EXERCISE AIM:
Drop the images, then output the listing exactly.

DATA:
● ● ● ●

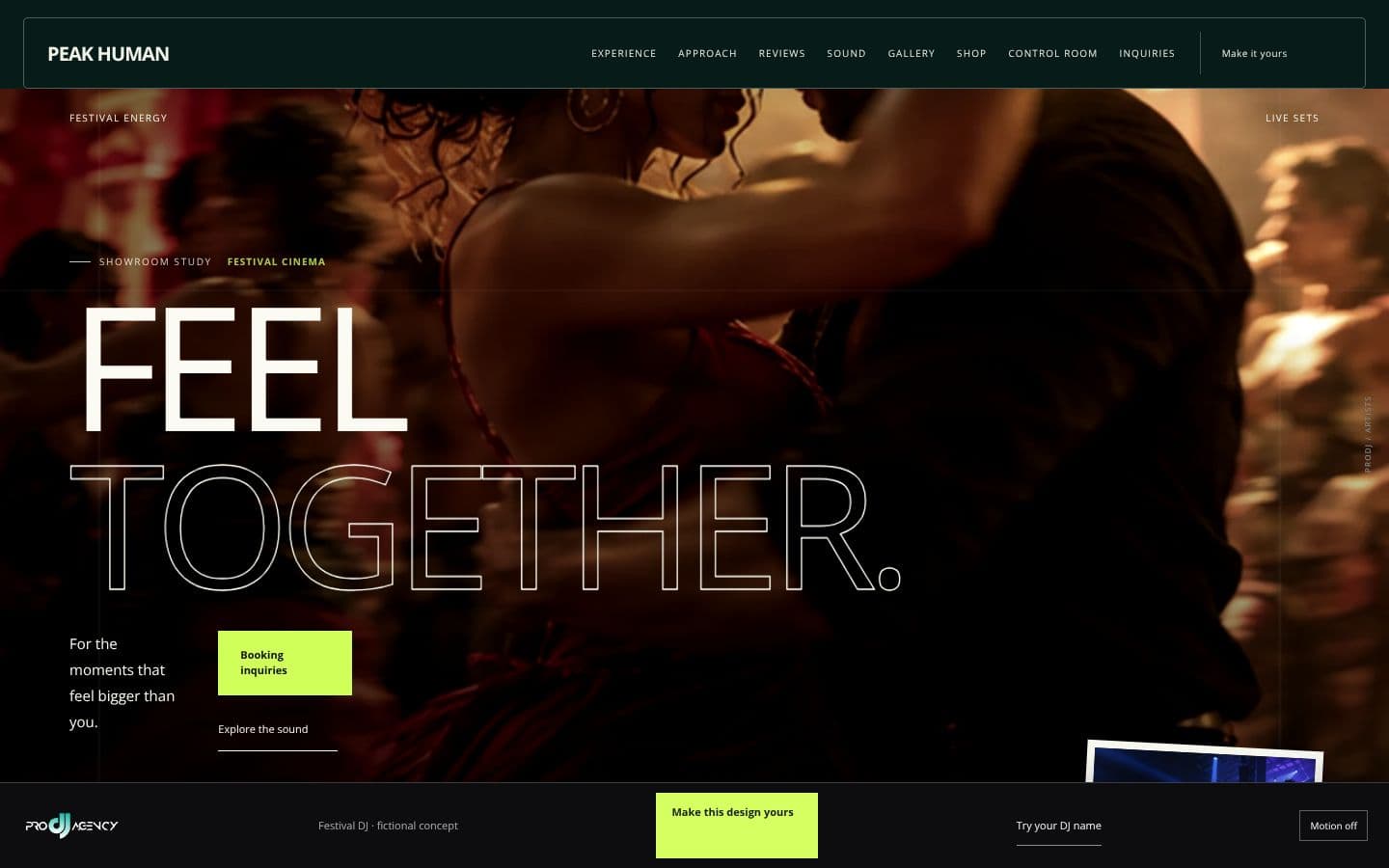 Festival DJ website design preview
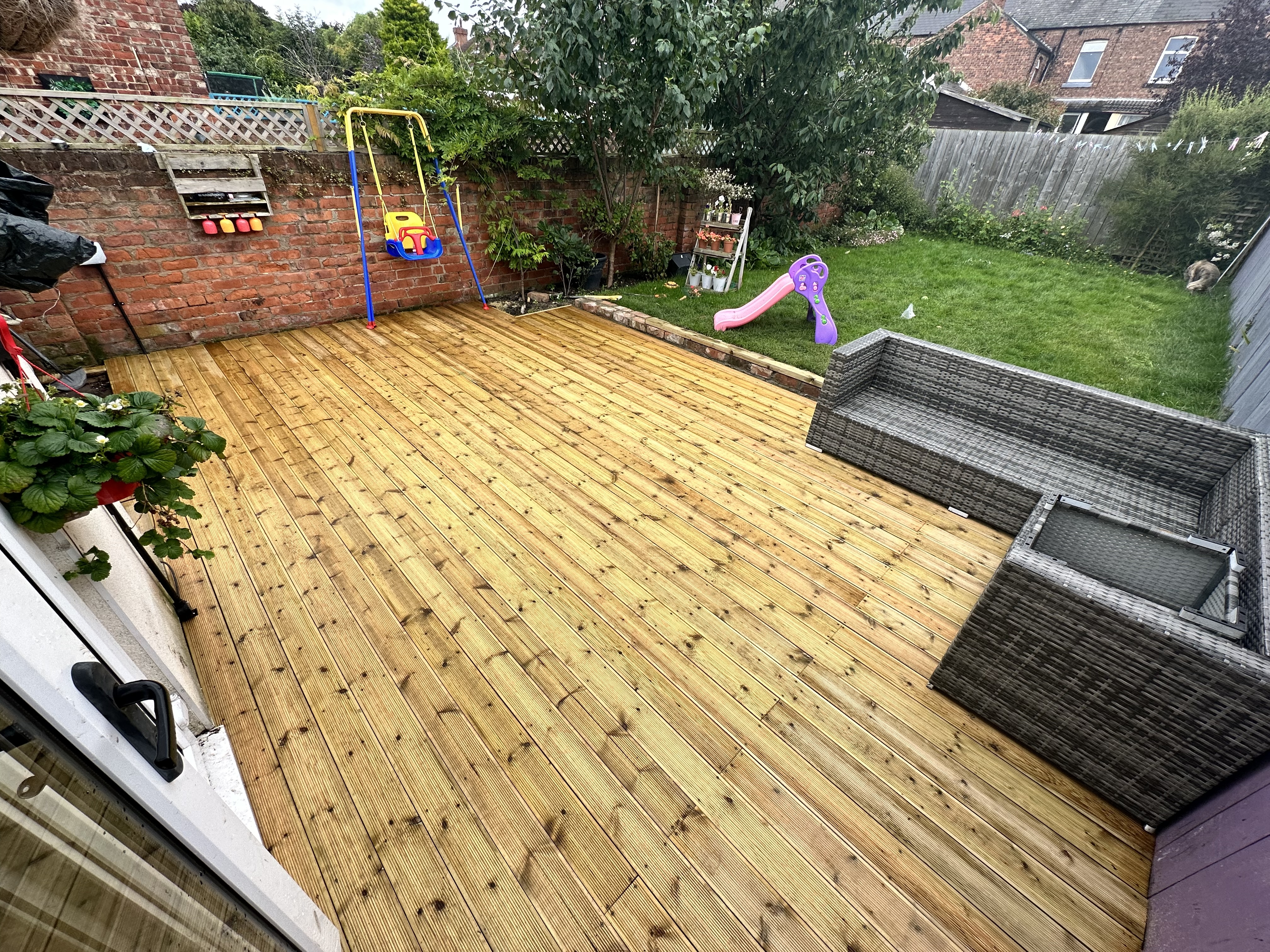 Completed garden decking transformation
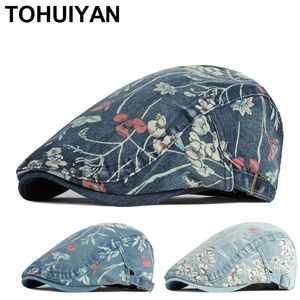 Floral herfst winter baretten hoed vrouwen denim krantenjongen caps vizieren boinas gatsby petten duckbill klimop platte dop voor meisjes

● ● ● ●

RESPONSE TO THE TASK:
 Festival DJ website design preview
 Completed garden decking transformation
 Floral herfst winter baretten hoed vrouwen denim krantenjongen caps vizieren boinas gatsby petten duckbill klimop platte dop voor meisjes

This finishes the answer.